# themed enclosures



## tyson001 (Jan 22, 2012)

thinking of making a themed enclosure just looking for some inspiration if you have any themed enclosure you would like to throw up here would be greatly appreciated i'm sure i am not the only one looking for inspiration or just interested.


----------



## Raddy318 (Jan 22, 2012)

check out stein enclosures! they have some amazing enclosures & some amazing themes


----------



## tyson001 (Jan 22, 2012)

i meant more along the lines of like street or castle or skulls or something like that.


----------



## Raddy318 (Jan 22, 2012)

ahh okay, thats a diffrent one haha ive seen a pirate ship theme


----------



## JungleManSam (Jan 22, 2012)

Lizard Landscapes has some cool things you can build as far as cities and castles go, they have a pirate ship i think as well.
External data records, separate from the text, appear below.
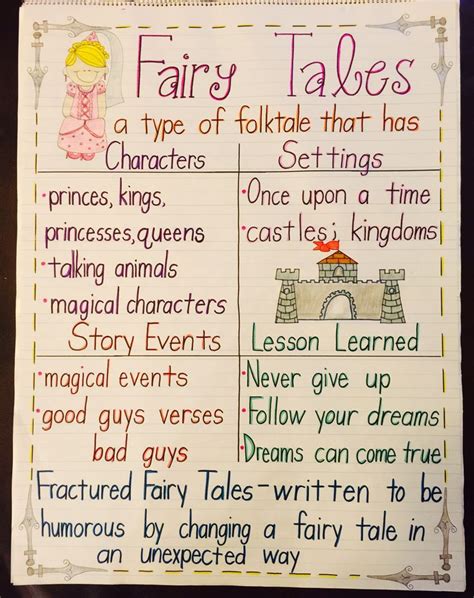 Elements Of A Fairy Tale Anchor Chart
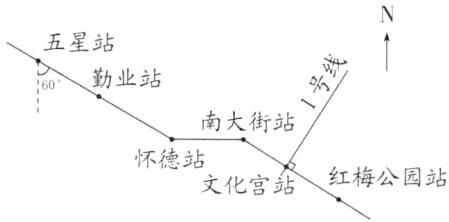 怀德站红梅公园站文化宫站
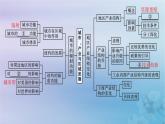 新教材2023_2024学年高中地理第3章城市产业与区域发展本章整合课件新人教版选择性必修2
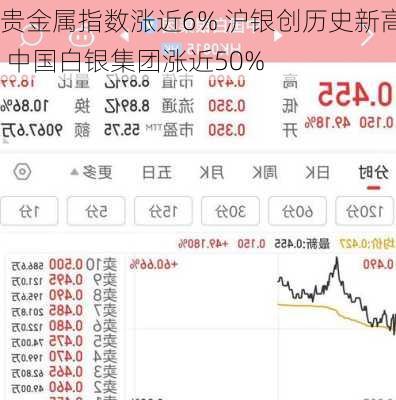 贵金属指数涨近6% 沪银创历史新高 中国白银集团涨近50%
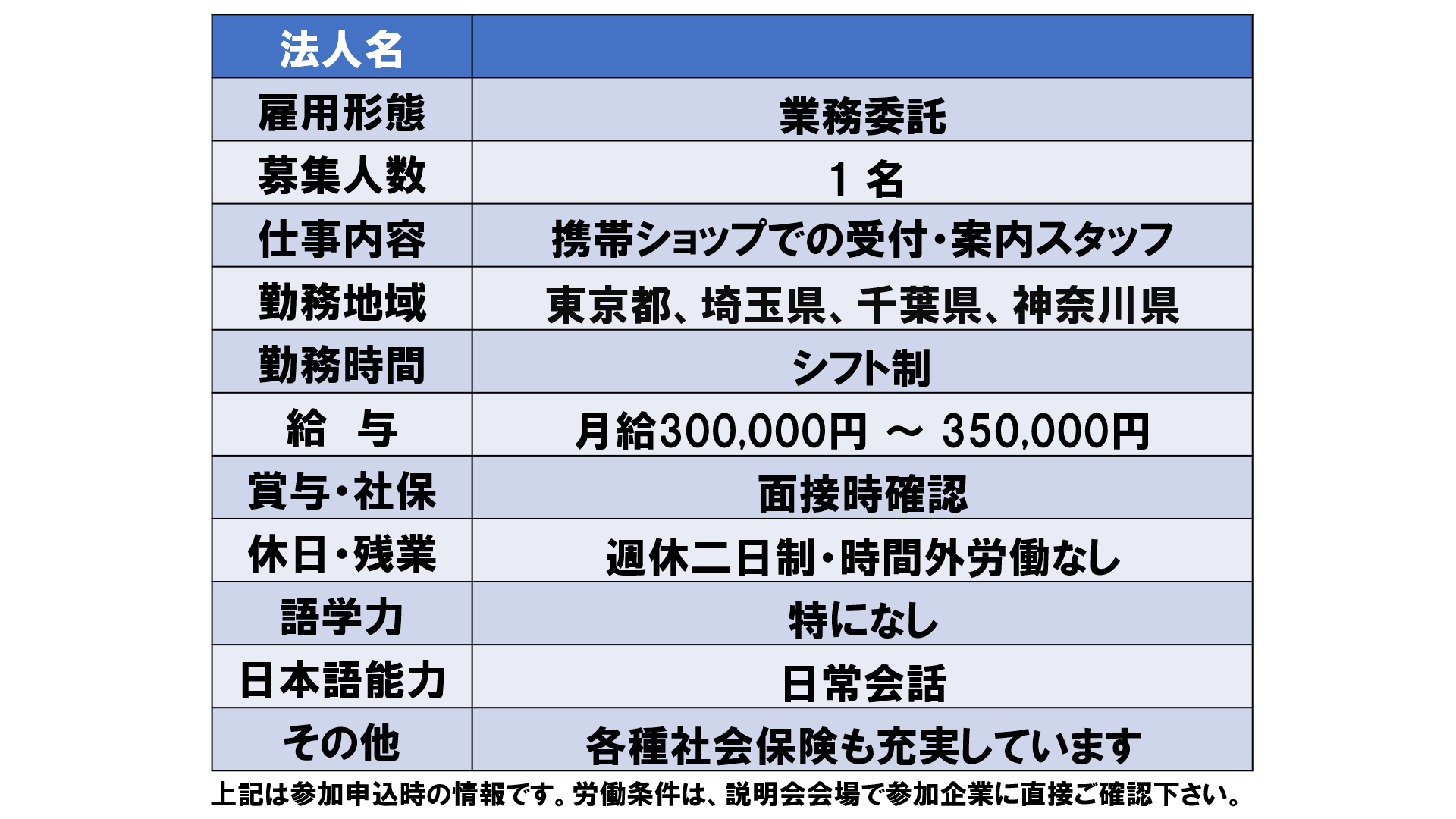 仕事、バイト、正社員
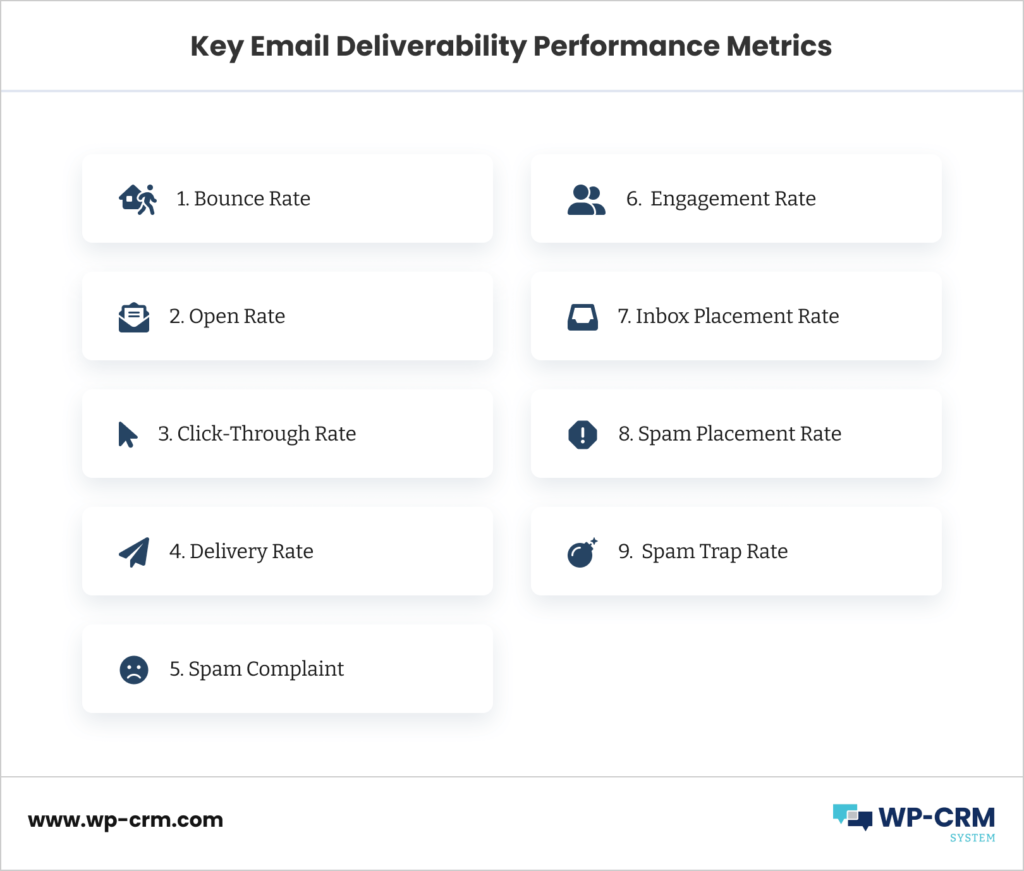Key Email Deliverability Performance Metrics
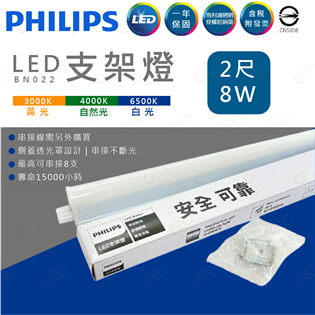 (A Light)附發票 PHILIPS 飛利浦 LED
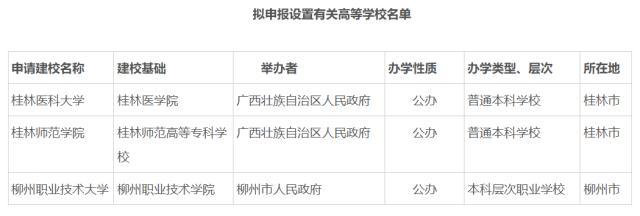 多所高校公示：“学院”更名“大学”，“专科学校”更名“学院”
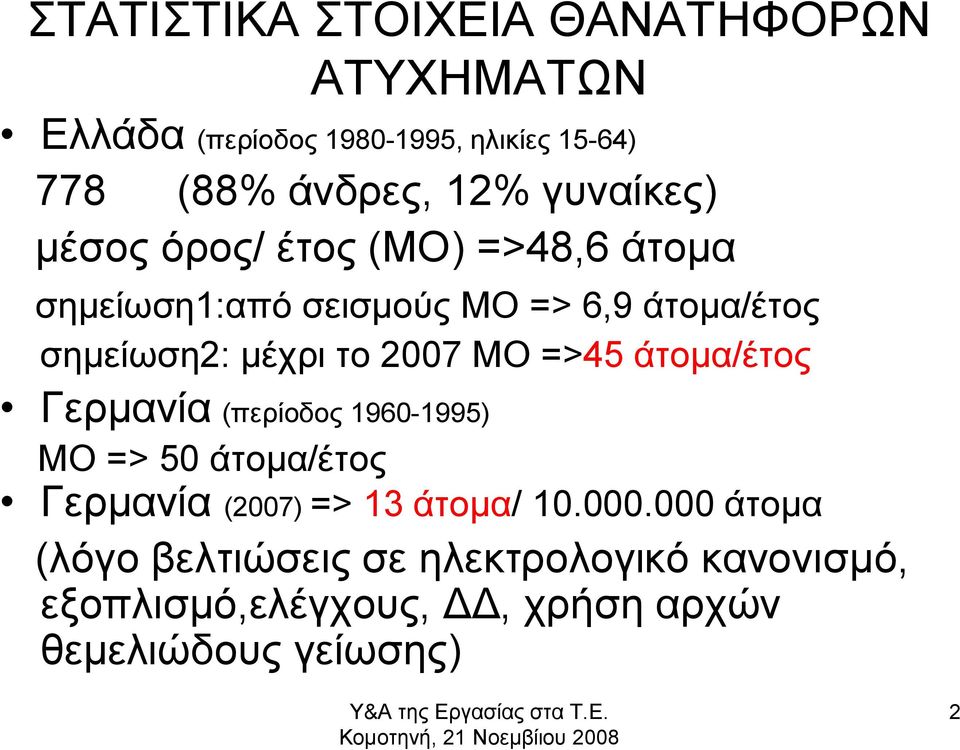 Γερμανία (περίοδος 1960-1995) ΜΟ => 50 άτομα/έτος Γερμανία (2007) => 13 άτομα/ 10.000.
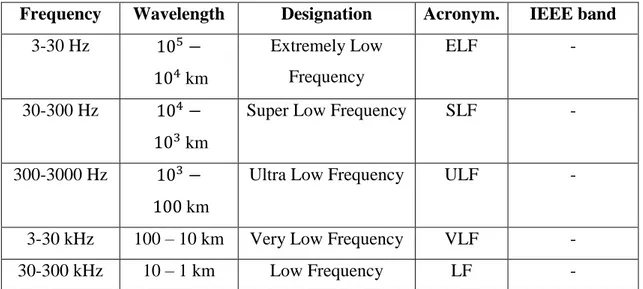 Table 2.1: The radio spectrum bands.  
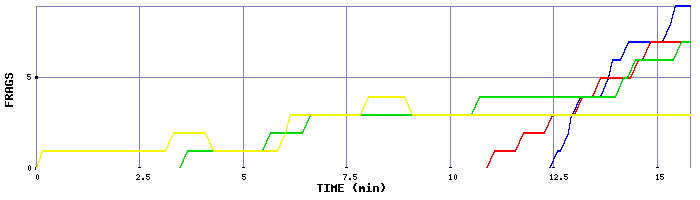 Frag Graph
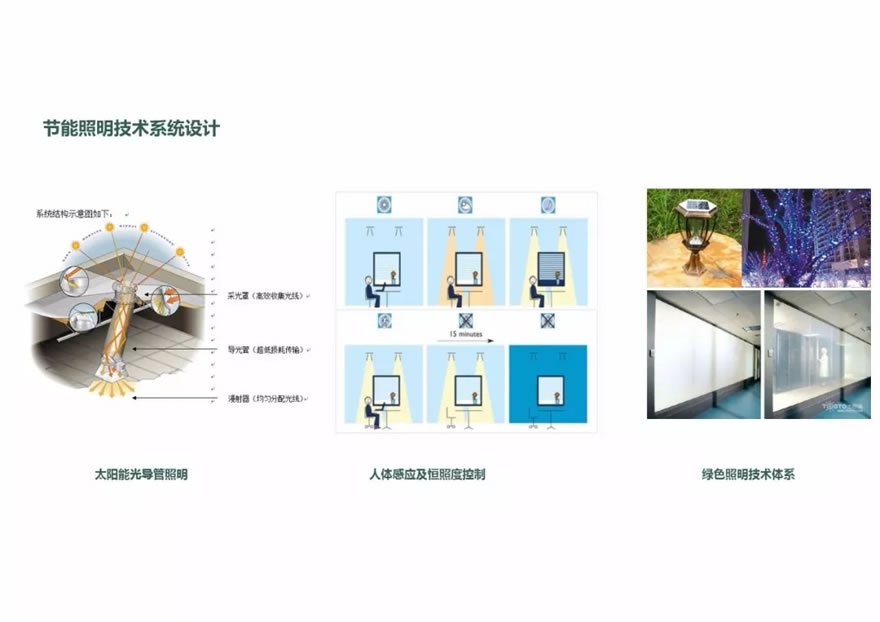 中建科技产业化研发中心-24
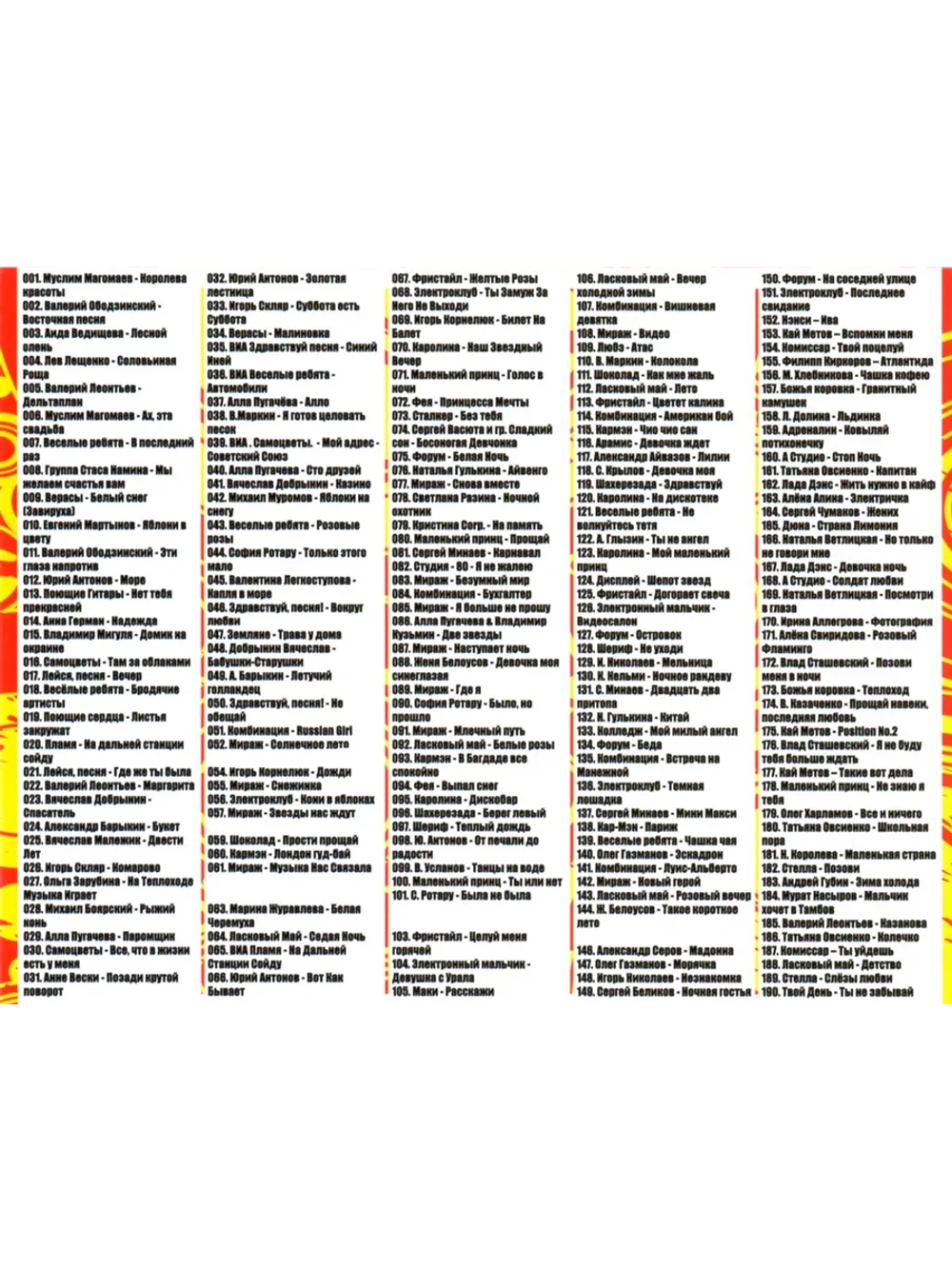 Хиты забытых Дискотек 70-90-х, Русский выпуск (Диск CD-MP3)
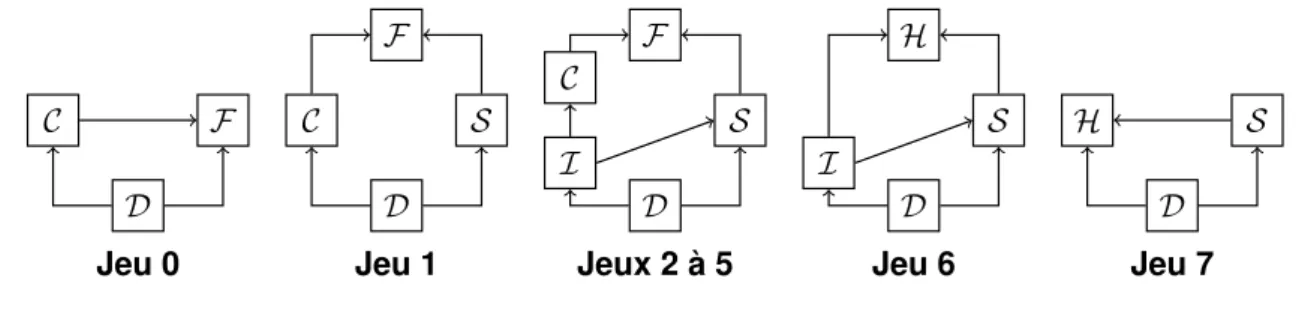 Figure 5.7. L’action de S 1,2 ne modifie pas la vue de D, ce qui implique que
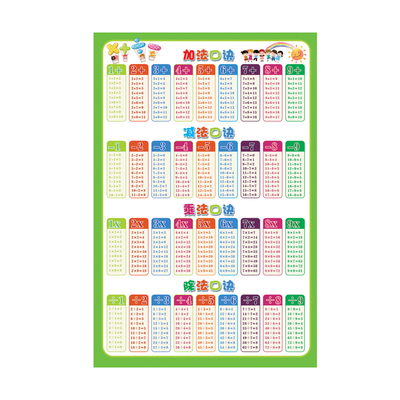 小学生乘法除法口诀表墙贴二年级加减乘除加法减法口诀表海报挂图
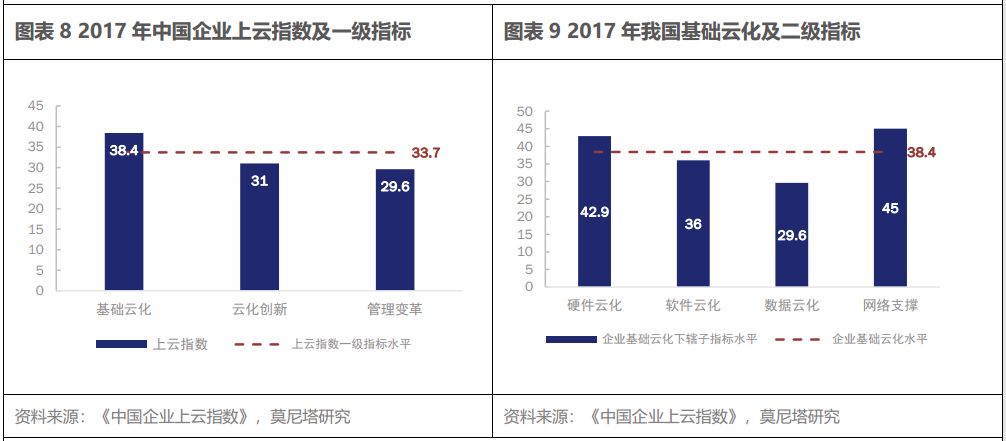 云计算产业链系列之一—SaaS 带来的新机会，从 Salesforce 的云转型出发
They also have neat things like volcanos, give them a look  Lizard care, and fake rock wall landscapes


----------



## Ryant16 (Jan 22, 2012)

Someone on here once said an ice theme. It would be cool to see that happen


----------



## shea_and_ruby (Jan 23, 2012)

hubby has done a shed theme and is currently working on an underground mined themed one


----------



## tyson001 (Jan 23, 2012)

cool would love to see when finished


----------



## shea_and_ruby (Jan 23, 2012)

this is the shed one



still waiting for snakey to get big enough for it. hubby is in the process of making another one up to sell, will be finished off tonight! the mine one is just a shell at the moment, waiting for some render and decent weather (stupid sydney!!)


----------